Return all the lines below exactly as written. Drop every picture.

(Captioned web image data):
== == ==
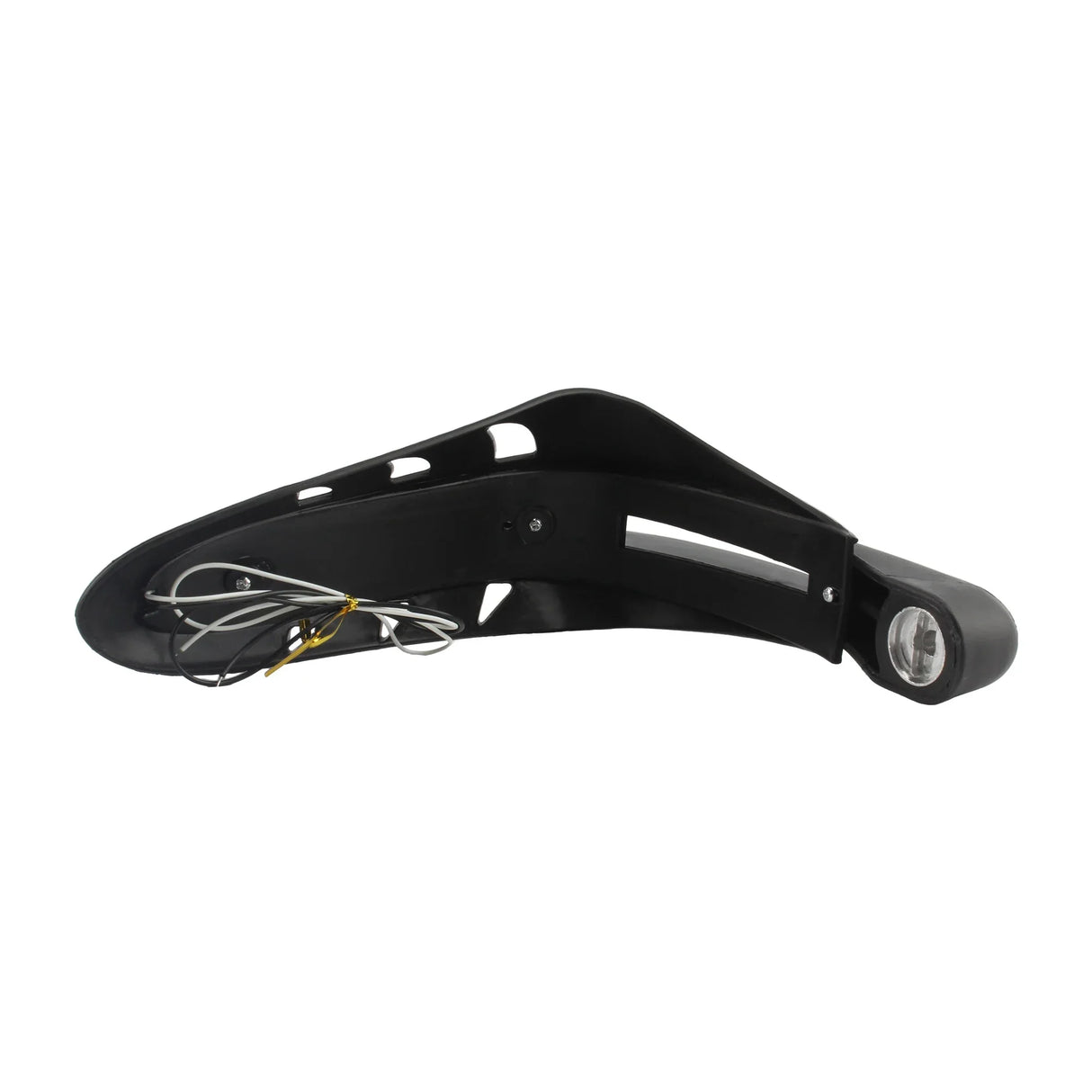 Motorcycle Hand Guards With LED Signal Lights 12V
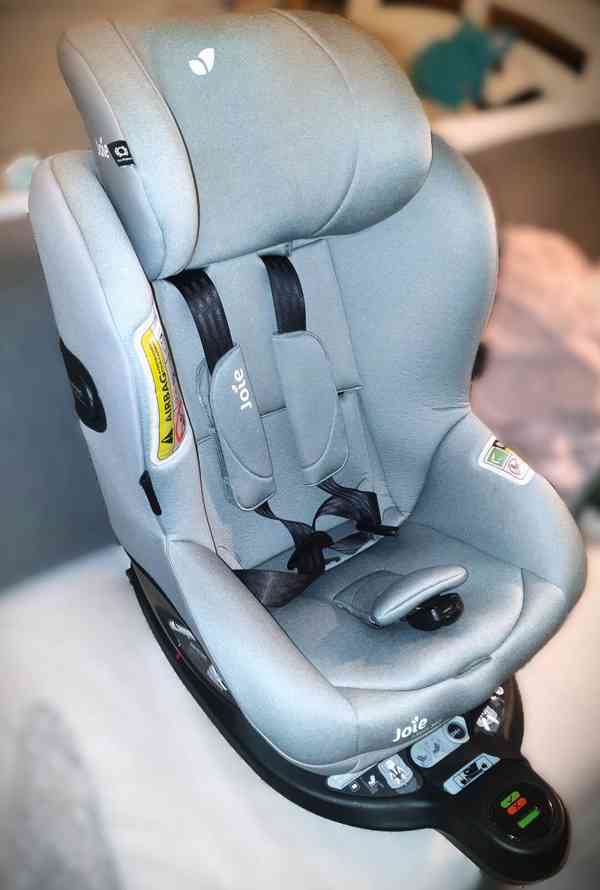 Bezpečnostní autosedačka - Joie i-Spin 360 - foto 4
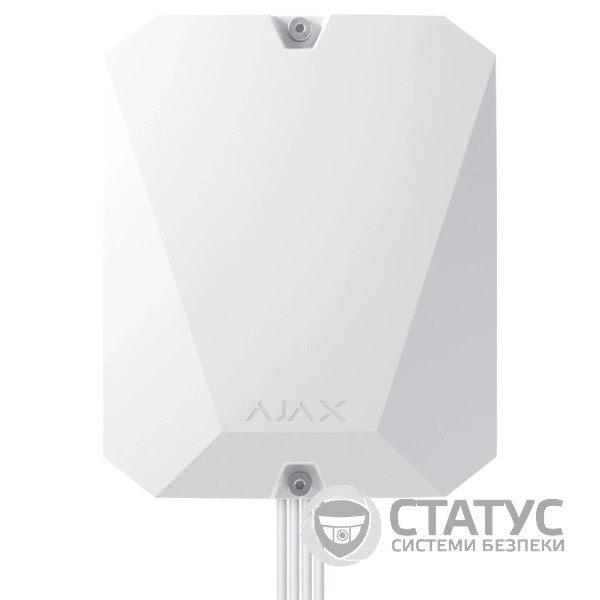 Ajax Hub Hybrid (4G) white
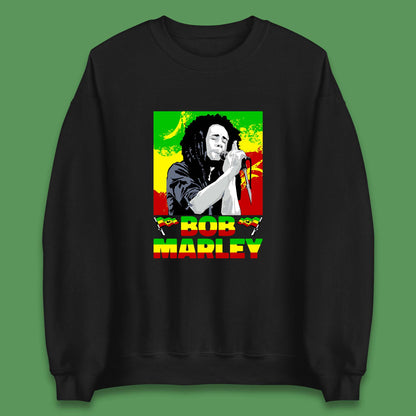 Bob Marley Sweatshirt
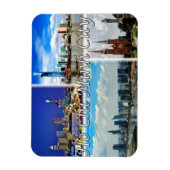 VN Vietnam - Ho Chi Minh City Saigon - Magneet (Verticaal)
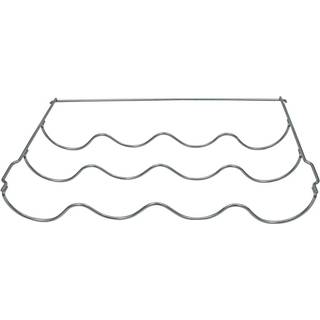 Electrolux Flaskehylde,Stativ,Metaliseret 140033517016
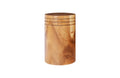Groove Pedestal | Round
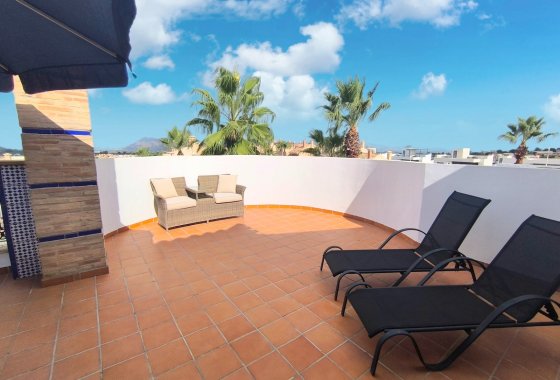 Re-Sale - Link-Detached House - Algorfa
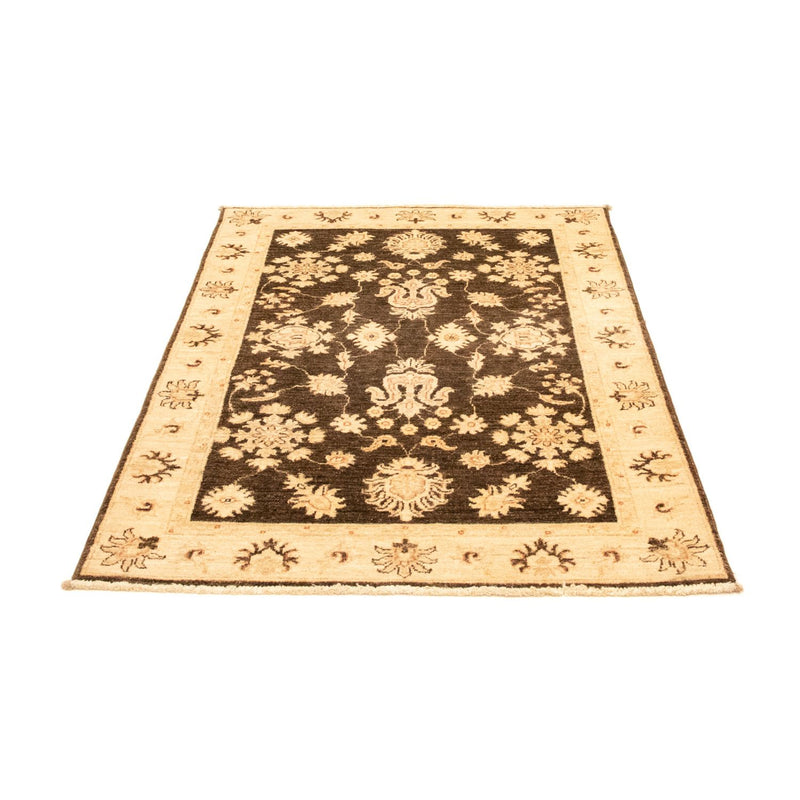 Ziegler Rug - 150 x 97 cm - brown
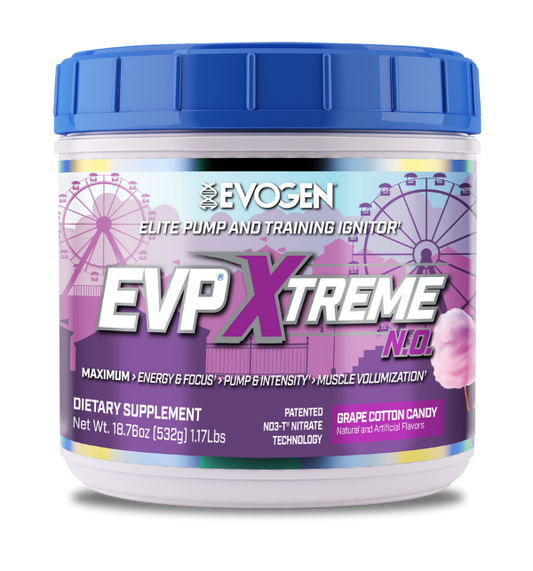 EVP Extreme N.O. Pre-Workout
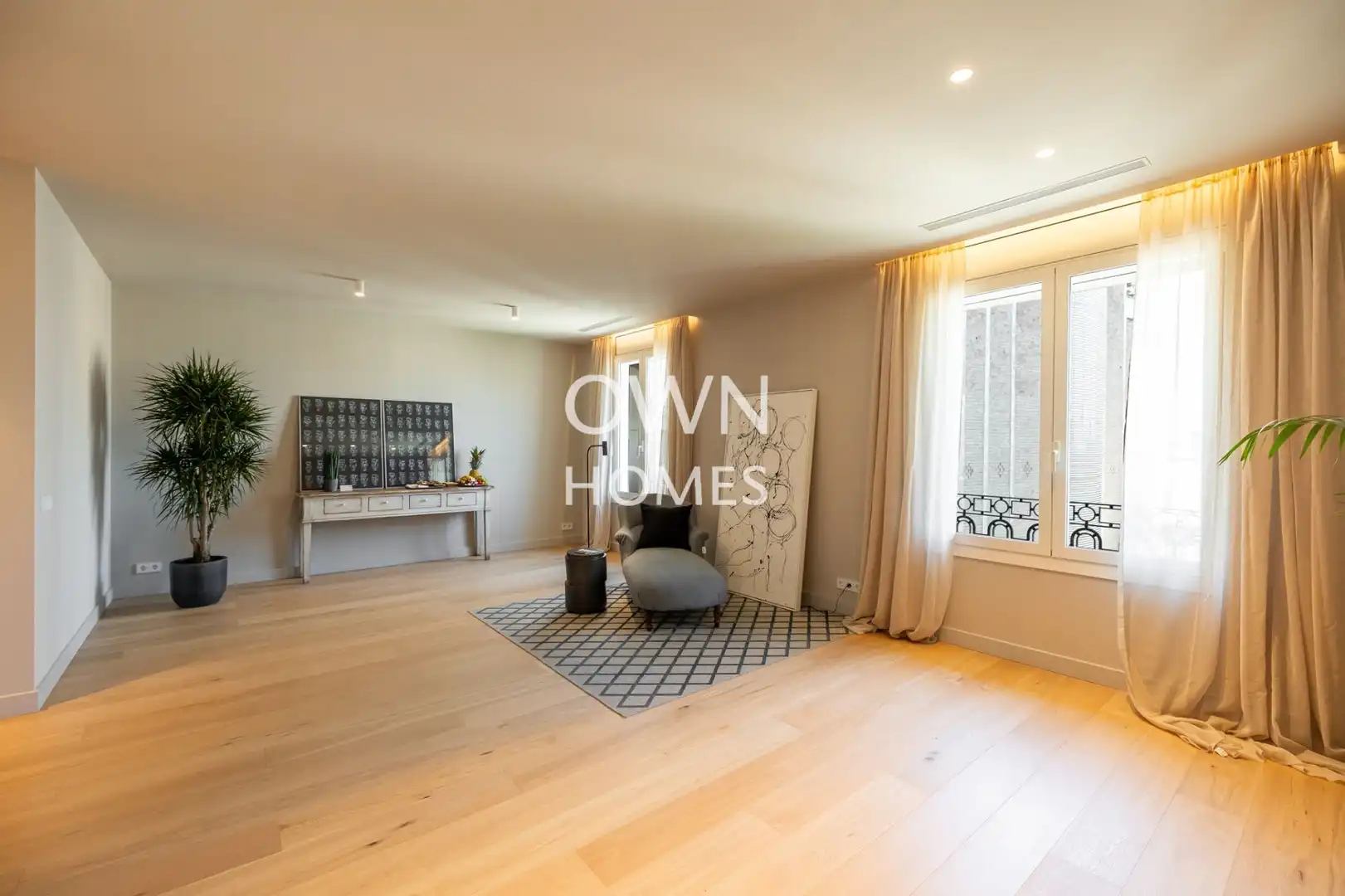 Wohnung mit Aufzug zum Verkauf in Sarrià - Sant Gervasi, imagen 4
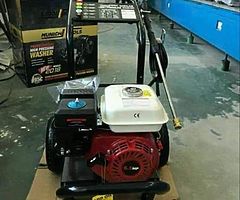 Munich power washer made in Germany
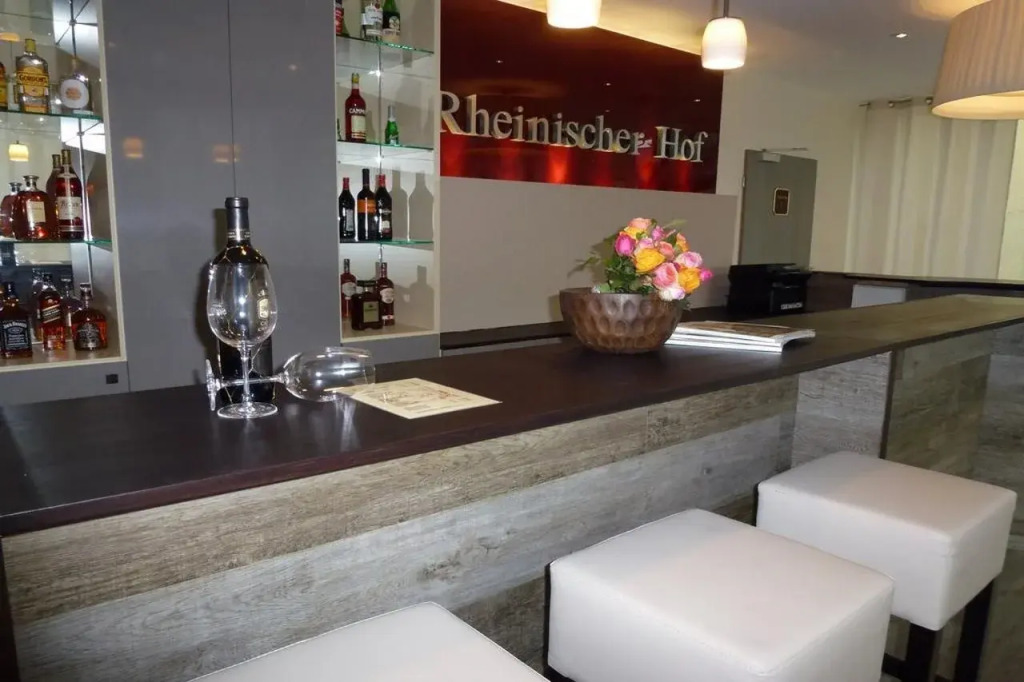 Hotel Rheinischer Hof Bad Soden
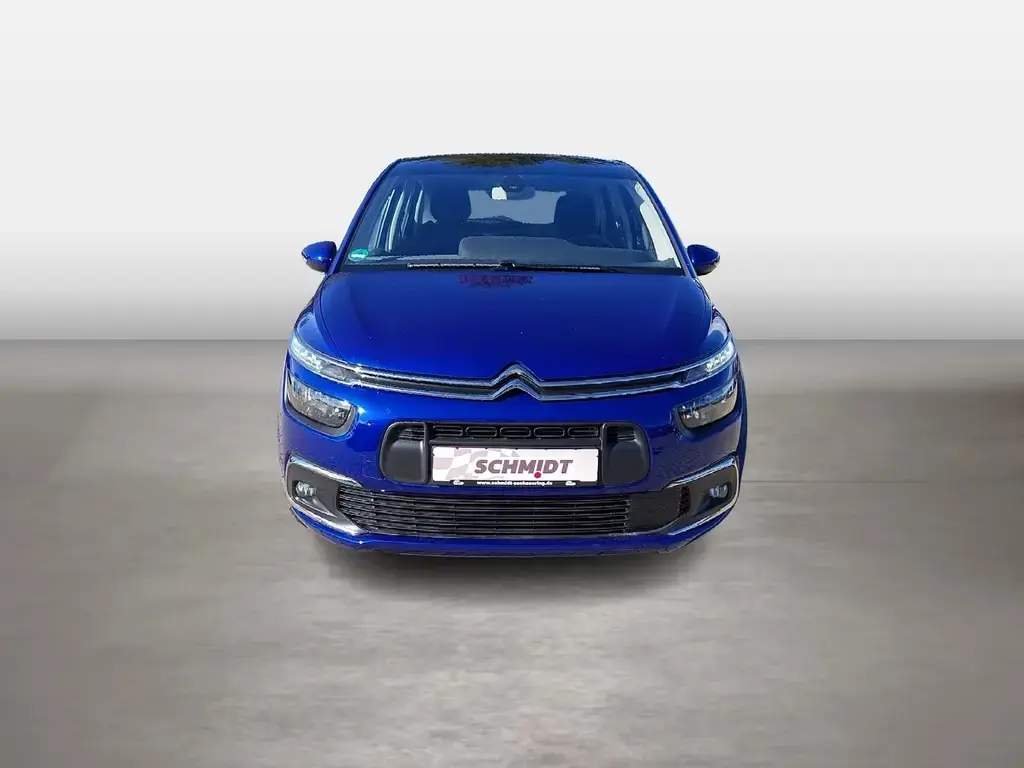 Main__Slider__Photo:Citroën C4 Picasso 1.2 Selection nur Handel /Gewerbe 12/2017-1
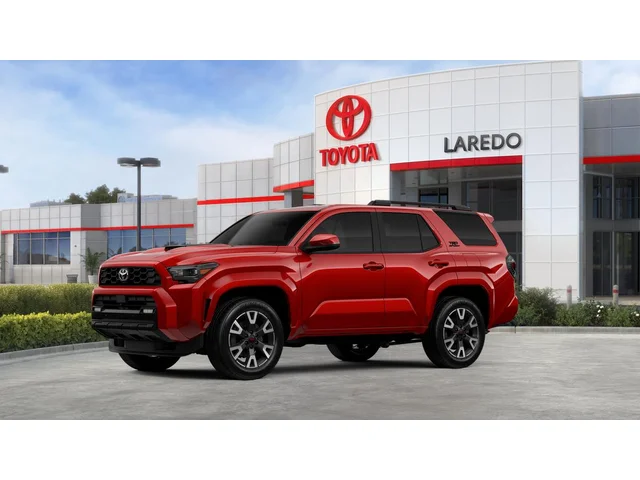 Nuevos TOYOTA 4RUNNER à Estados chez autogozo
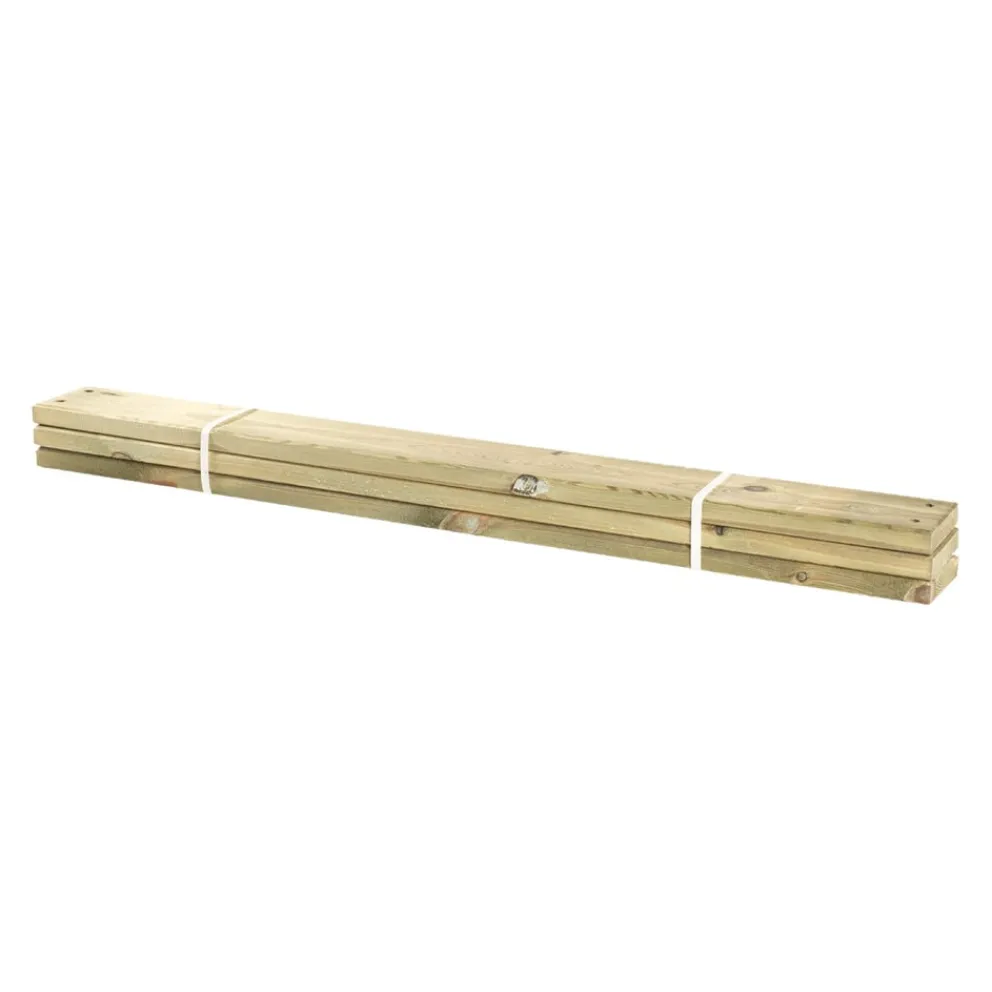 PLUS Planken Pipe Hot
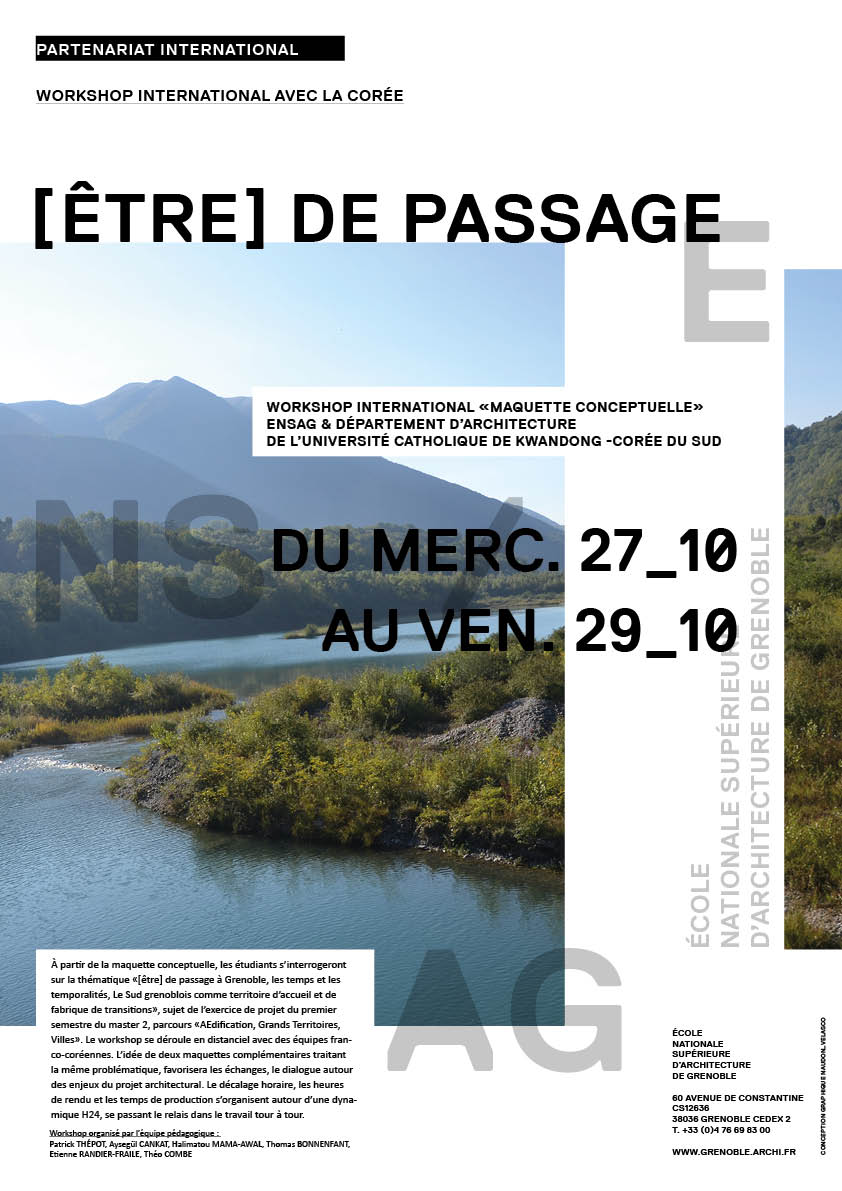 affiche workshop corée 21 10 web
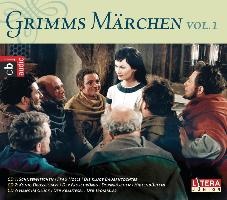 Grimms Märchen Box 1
== == ==
(RESPONSE):
 Motorcycle Hand Guards With LED Signal Lights 12V
 Bezpečnostní autosedačka - Joie i-Spin 360 - foto 4
 Ajax Hub Hybrid (4G) white
 Bob Marley Sweatshirt
 VN Vietnam - Ho Chi Minh City Saigon - Magneet (Verticaal)
 Electrolux Flaskehylde,Stativ,Metaliseret 140033517016
Groove Pedestal | Round
 Re-Sale - Link-Detached House - Algorfa
 Ziegler Rug - 150 x 97 cm - brown
 EVP Extreme N.O. Pre-Workout
 Wohnung mit Aufzug zum Verkauf in Sarrià - Sant Gervasi, imagen 4
 Munich power washer made in Germany
 Hotel Rheinischer Hof Bad Soden
 Main__Slider__Photo:Citroën C4 Picasso 1.2 Selection nur Handel /Gewerbe 12/2017-1
 Nuevos TOYOTA 4RUNNER à Estados chez autogozo
 PLUS Planken Pipe Hot
 affiche workshop corée 21 10 web
 Grimms Märchen Box 1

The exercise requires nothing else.